◆ INSTRUCTIONS FOR THE TASK
What is wanted is every line below from the one with "Grille d'arbre en Plastique recyclé" up to and including the one with "Jacksonville Jaguars New", retyped exactly, pictures excluded, nothing else.

● ● ●

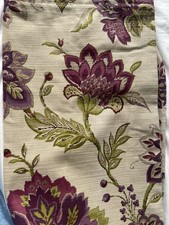 Beautiful Dorma 100% Cotton Lined Curtains Beige Plum 116cm X 137cm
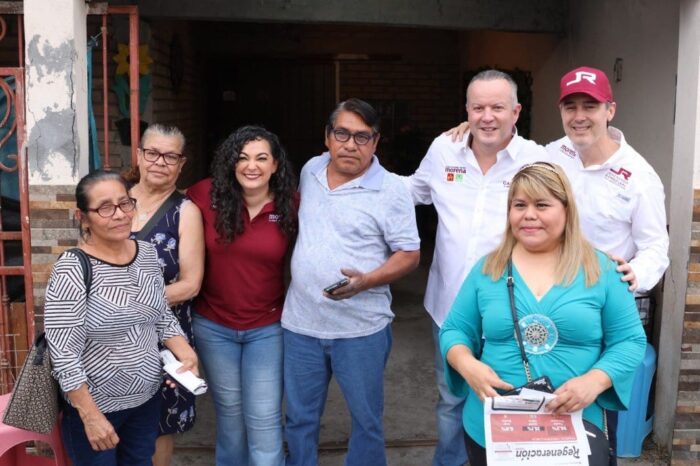 VA CARLOS CANTUROSAS Y CANDIDATOS A SENADORES DE MORENA, PT Y VERDE POR SEGUNDO PISO DE LA 4T EN NUEVO LAREDO Y TAMAULIPAS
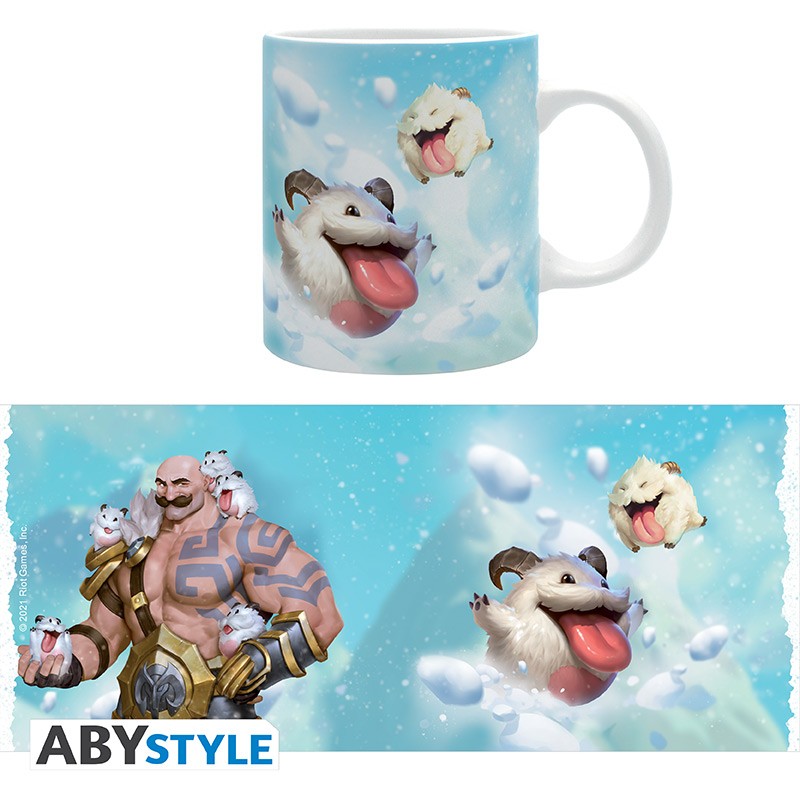 LEAGUE OF LEGENDS Mug Braum & Poros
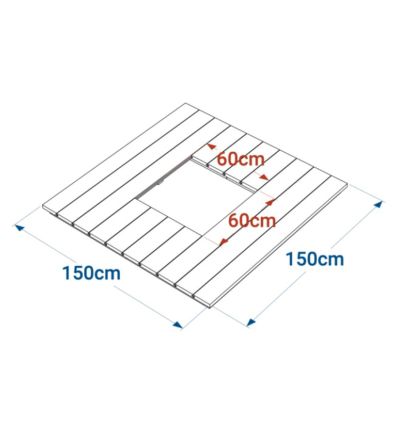 Grille d'arbre en Plastique recyclé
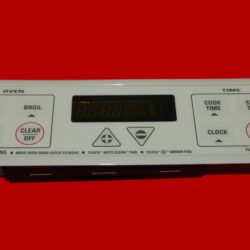 Part # WB12K19 |191D1001P020 | GE Gas Oven Control Board (overlay good - Bisque)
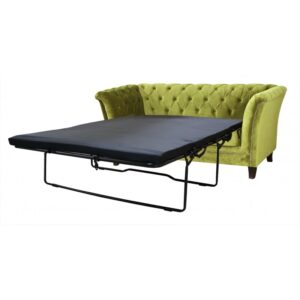 Chesterfield Sofa Pikowana Derby 3 osobowa z funkcją spania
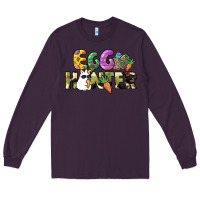 Plum Egg hunter Easter Day Long Sleeve Tee - HowdyJamesFarm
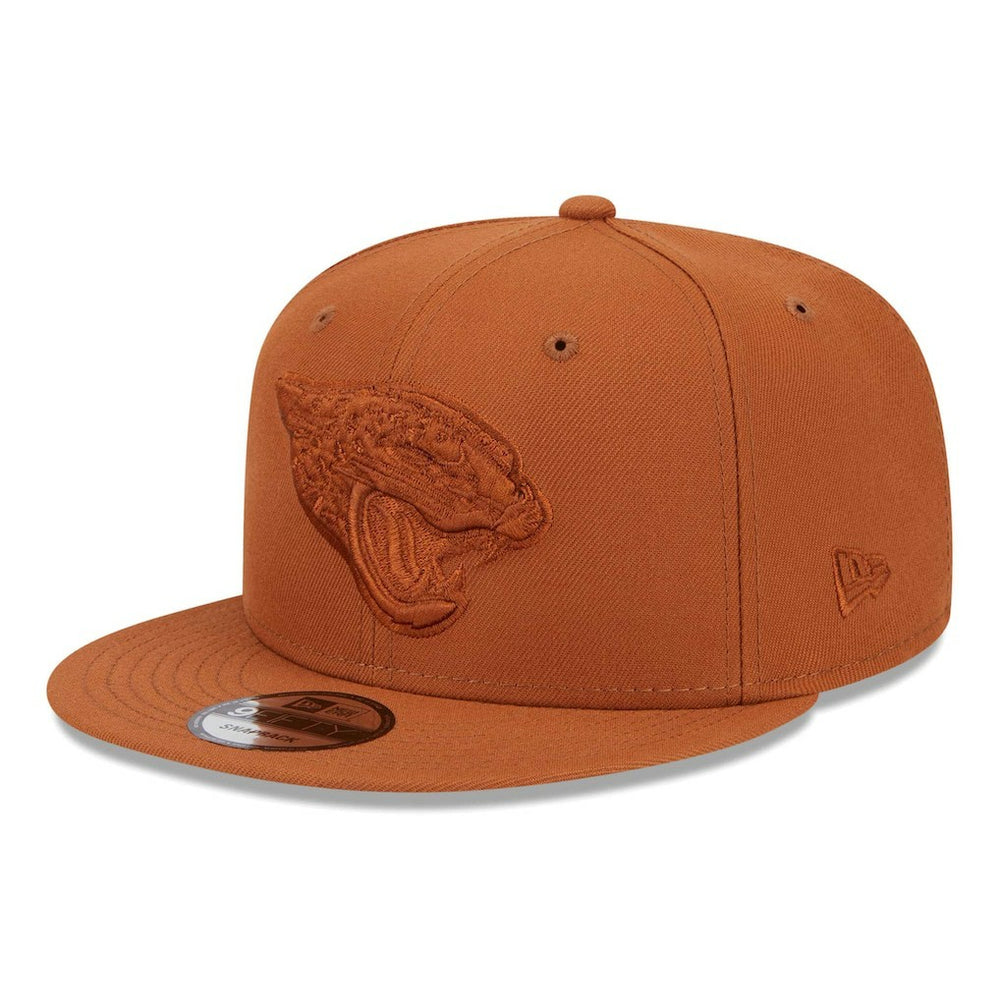 Jacksonville Jaguars New Era Color Pack 9FIFTY Snapback Hat Brown | NFL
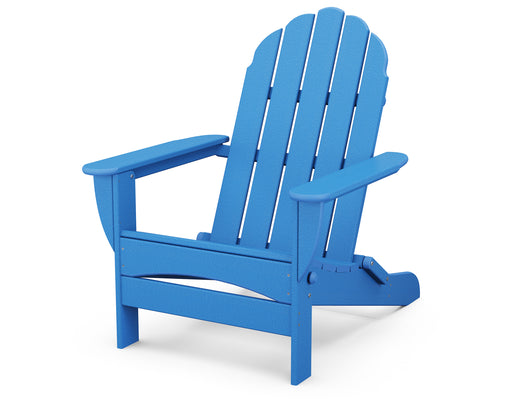 POLYWOOD Classic Oversized Folding Adirondack Chair in Pacific Blue image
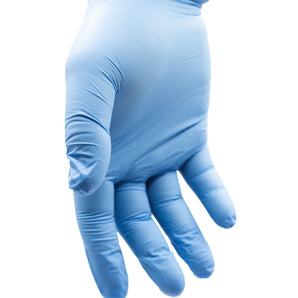 Gloves Nitrile Blended P/ Free Blue Medium (Box of 100)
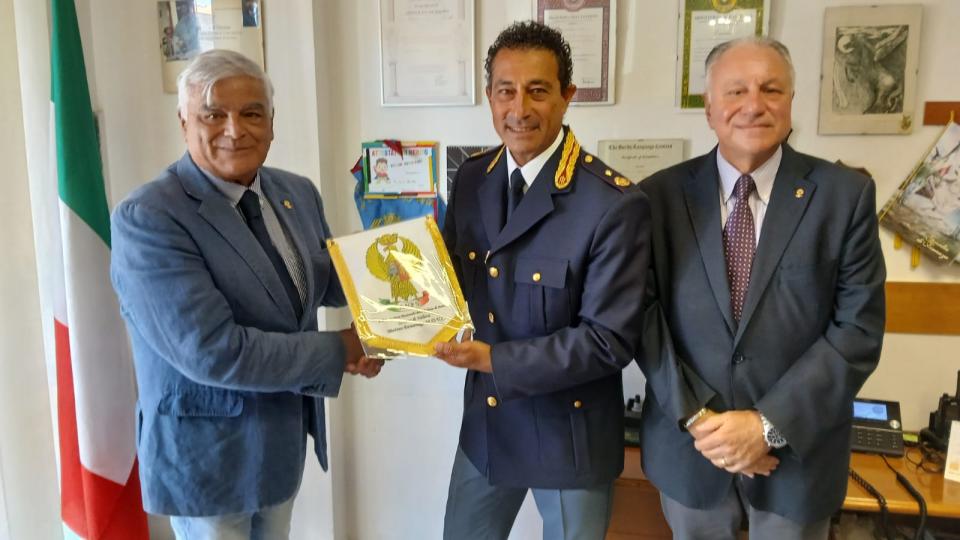 L'ANPS visita al Commissariato di Marino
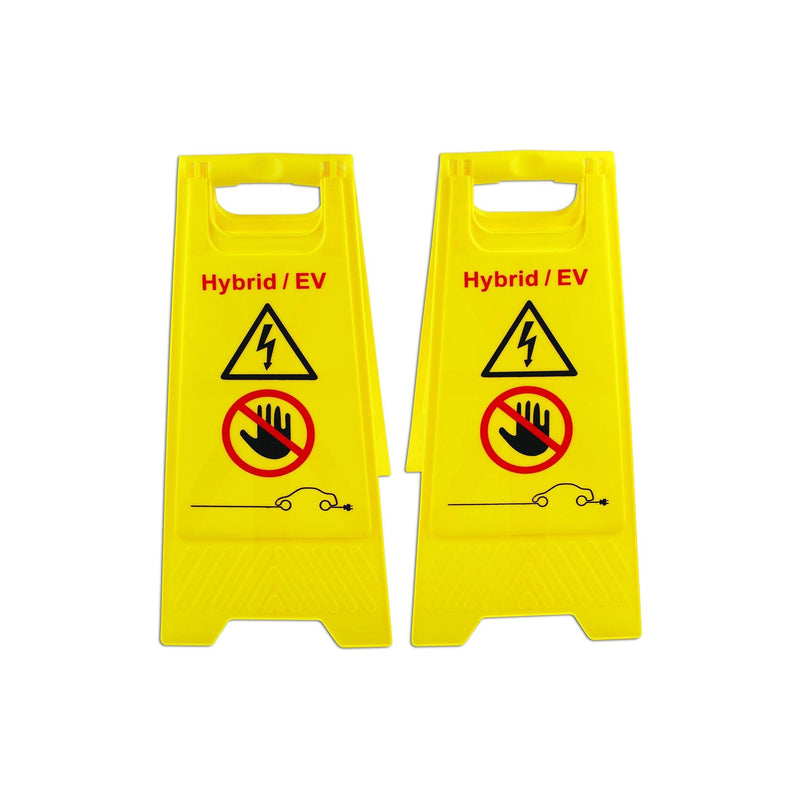 Laser Hybrid/EV Floor Warning Signs 2pc 7521 Laser - Dynamic Drive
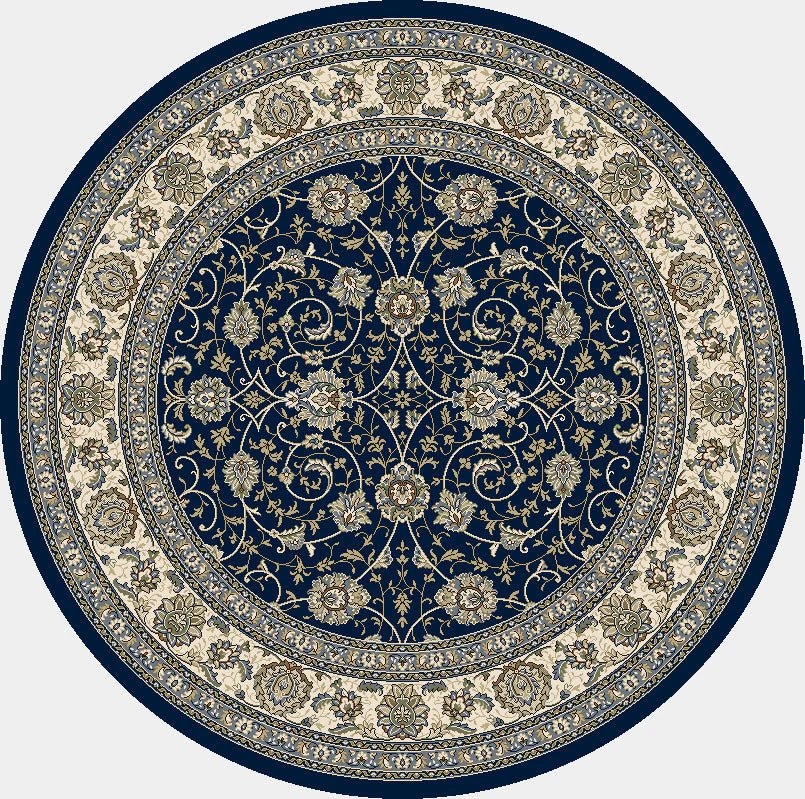 Dynamic Rugs Ancient Garden 57120 Blue Ivory Traditional Machine - Made Rug - Rugs - Dynamic Rugs - Atlanta Designer Rugs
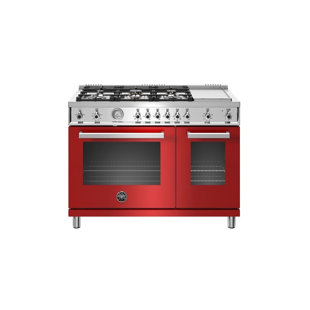 BERTAZZONI Professional Series 48" 4.7 cu ft. Freestanding Gas with Griddle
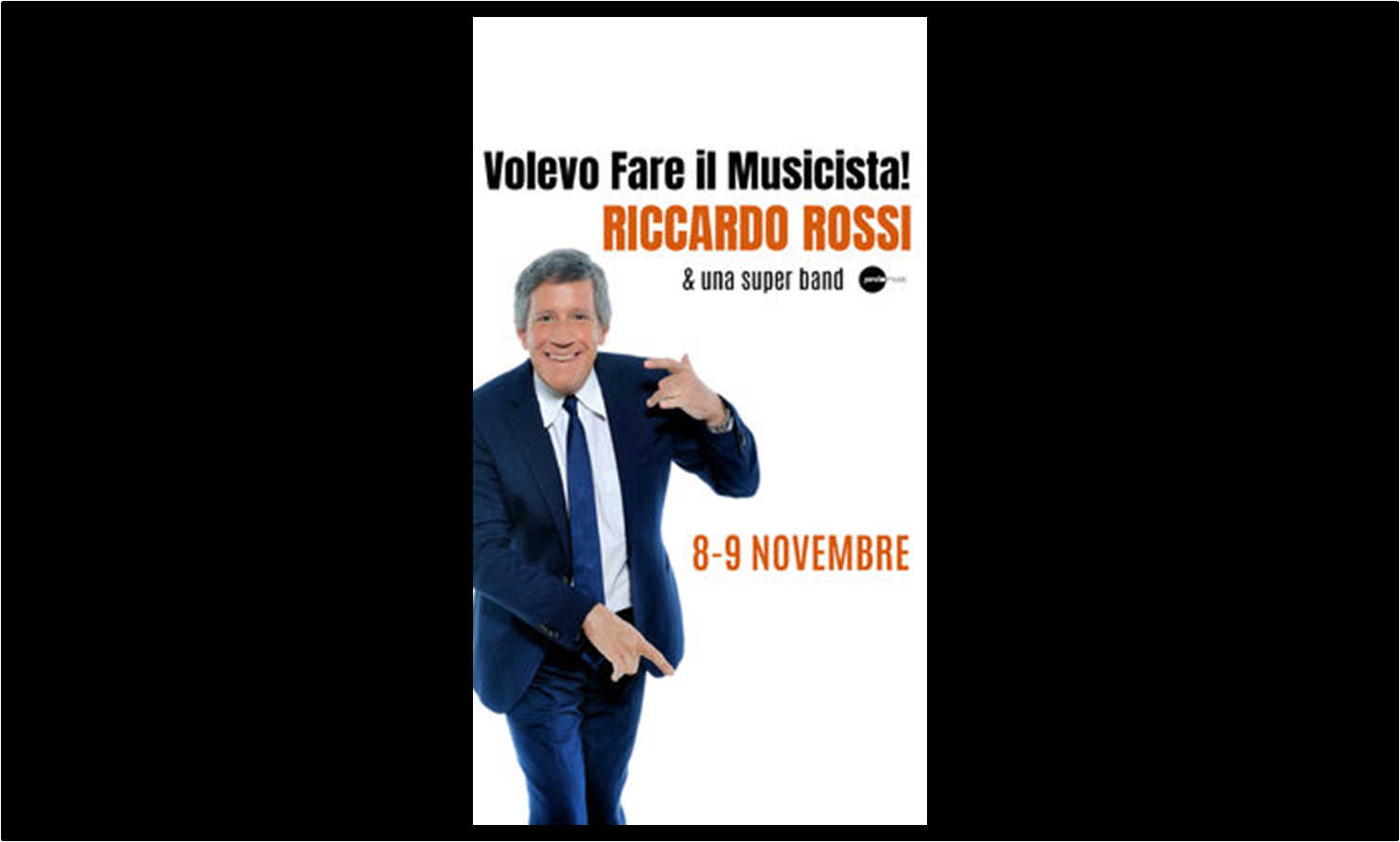 Riccardo Rossi - Volevo fare il musicista - Roma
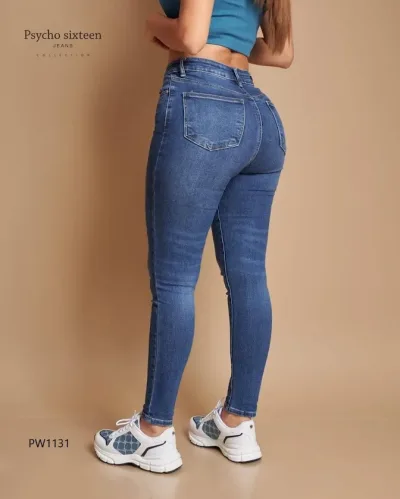 Jeans para dama Psycho Sixteen PW1131 AZUL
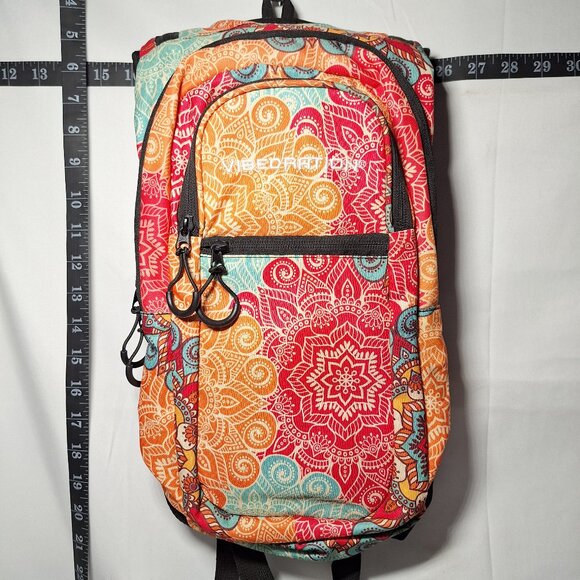 Vibedration Handbags - Vibedration Hydration Backpack w/o bladder - turquoise/orange pattern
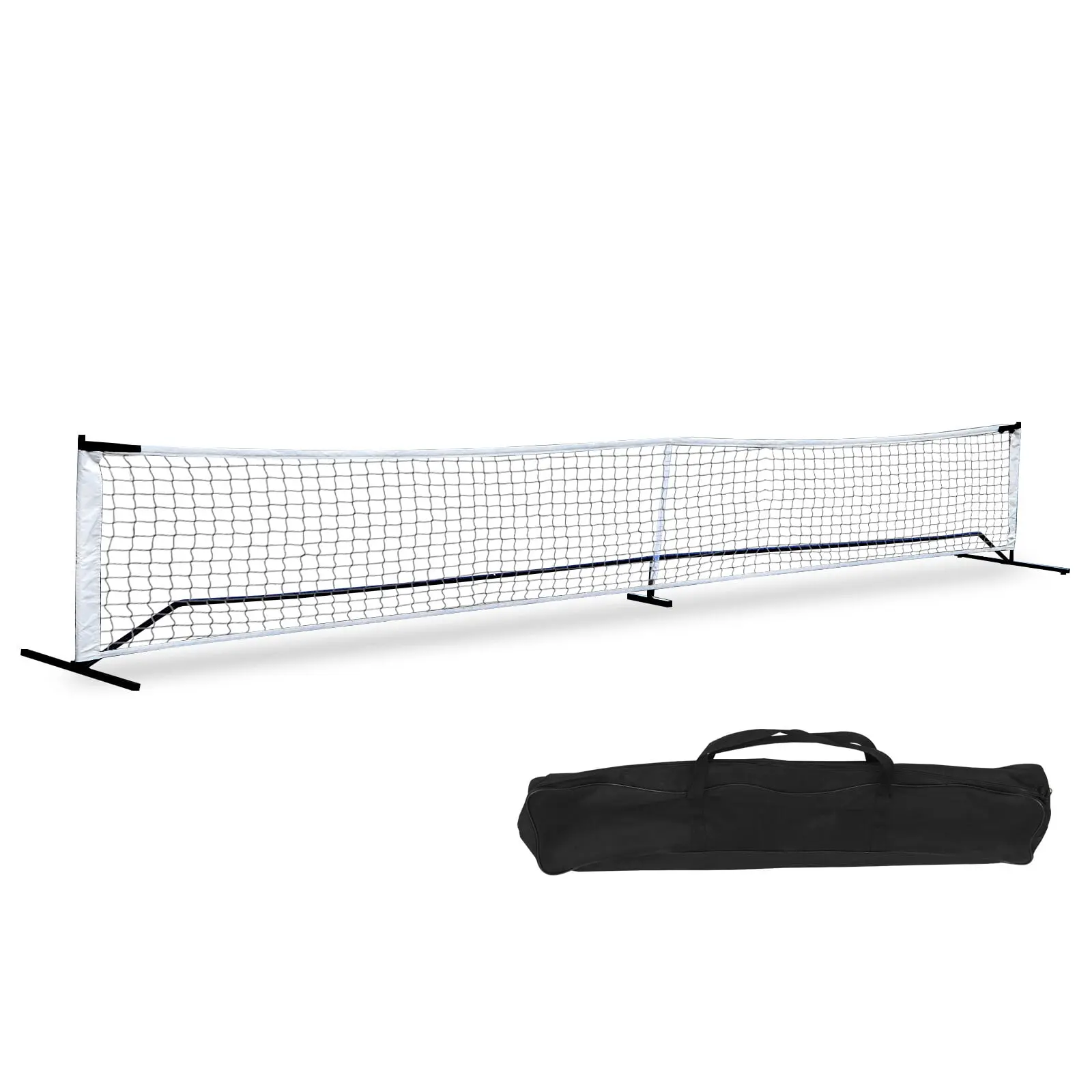 Zeny 22FT Portable Badminton & Pickleball Net Set, USAPA Regulation Steel Frame, All-Weather Nylon Netting with Carry Case for Outdoor Sports, Badminton Net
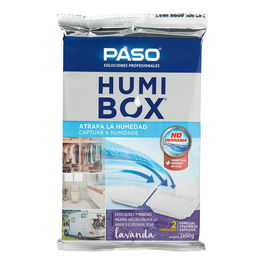 Paso 704002 Humibox Lavanda Dispositivo Antihumedad de un Solo Uso, 2 Unidades x 60 g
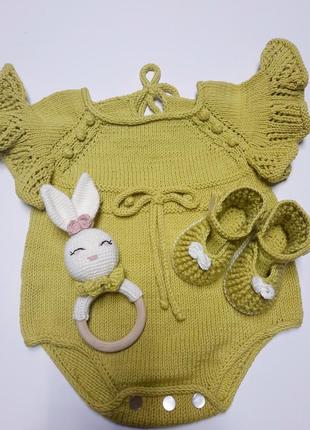 Бавовняний комплект для дівчинки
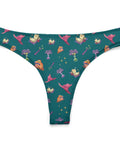 Spells-and-Potions-Women's-Thong-Teal-Product-Front-View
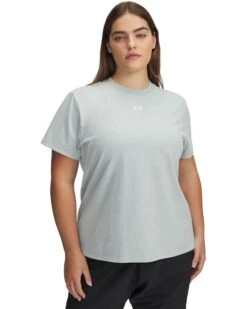 Under Armour Plus Size Campus Core Short Sleeve | Shirts & Tops -Shoe Vogue Shop 61DwyyBqEtL. AC SR736920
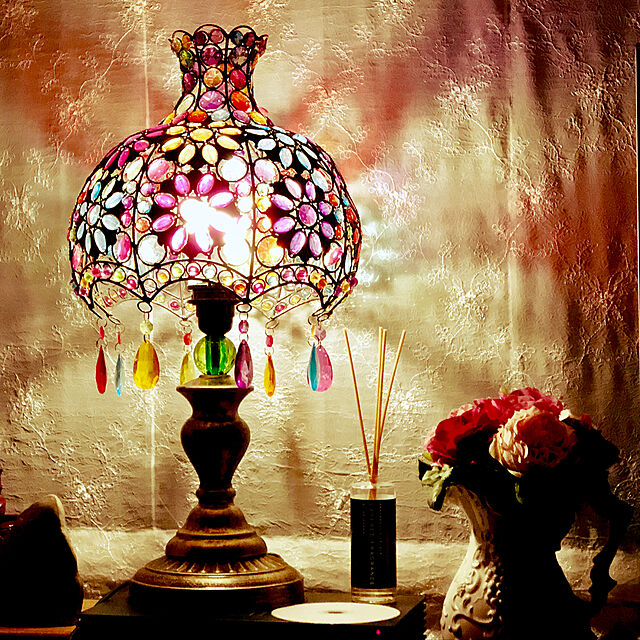 cynthia.Yの一品　ichibing-レトロアンティークスタイル古典的な古典的なヨーロッパのインテリアライトデスクライトテーブルトップスタンドテーブルライト照明装飾ライトエレガントでエレガントなおしゃれなの家具・インテリア写真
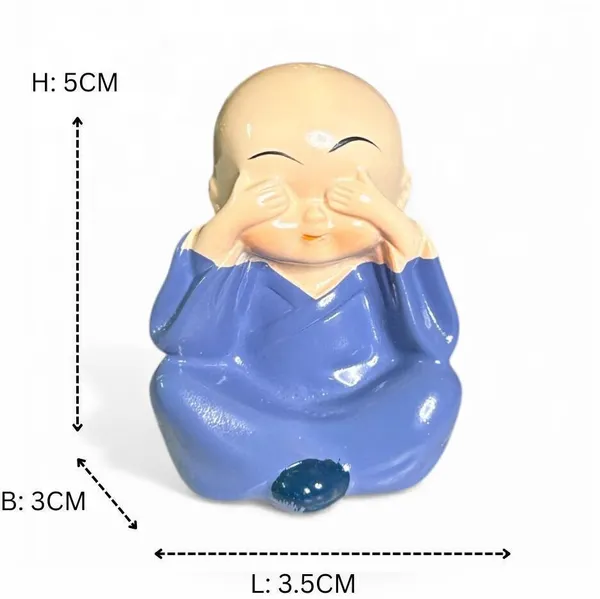 UNYSHOPPE_Baby_Monk_Buddha_Set_of_4_Polyresin_Mini_Showpiece_for_Home_Office_Decor_Decorative_Showpiece__-__6_cm_(Polyresin,_Multicolor)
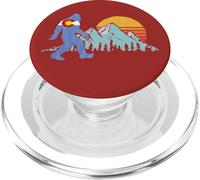Retro Bigfoot Sun & Mountain State Flag of Colorado Graphic PopSockets PopGrip para MagSafe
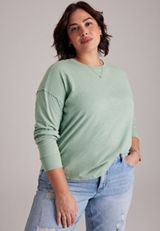 Plus Size 24/7 Cotton Relaxed Long Sleeve Tee, C5784, small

● ● ●

◆ TASK ANSWER
 Grille d'arbre en Plastique recyclé
 Part # WB12K19 |191D1001P020 | GE Gas Oven Control Board (overlay good - Bisque)
 Chesterfield Sofa Pikowana Derby 3 osobowa z funkcją spania
 Plum Egg hunter Easter Day Long Sleeve Tee - HowdyJamesFarm
 Jacksonville Jaguars New Era Color Pack 9FIFTY Snapback Hat Brown | NFL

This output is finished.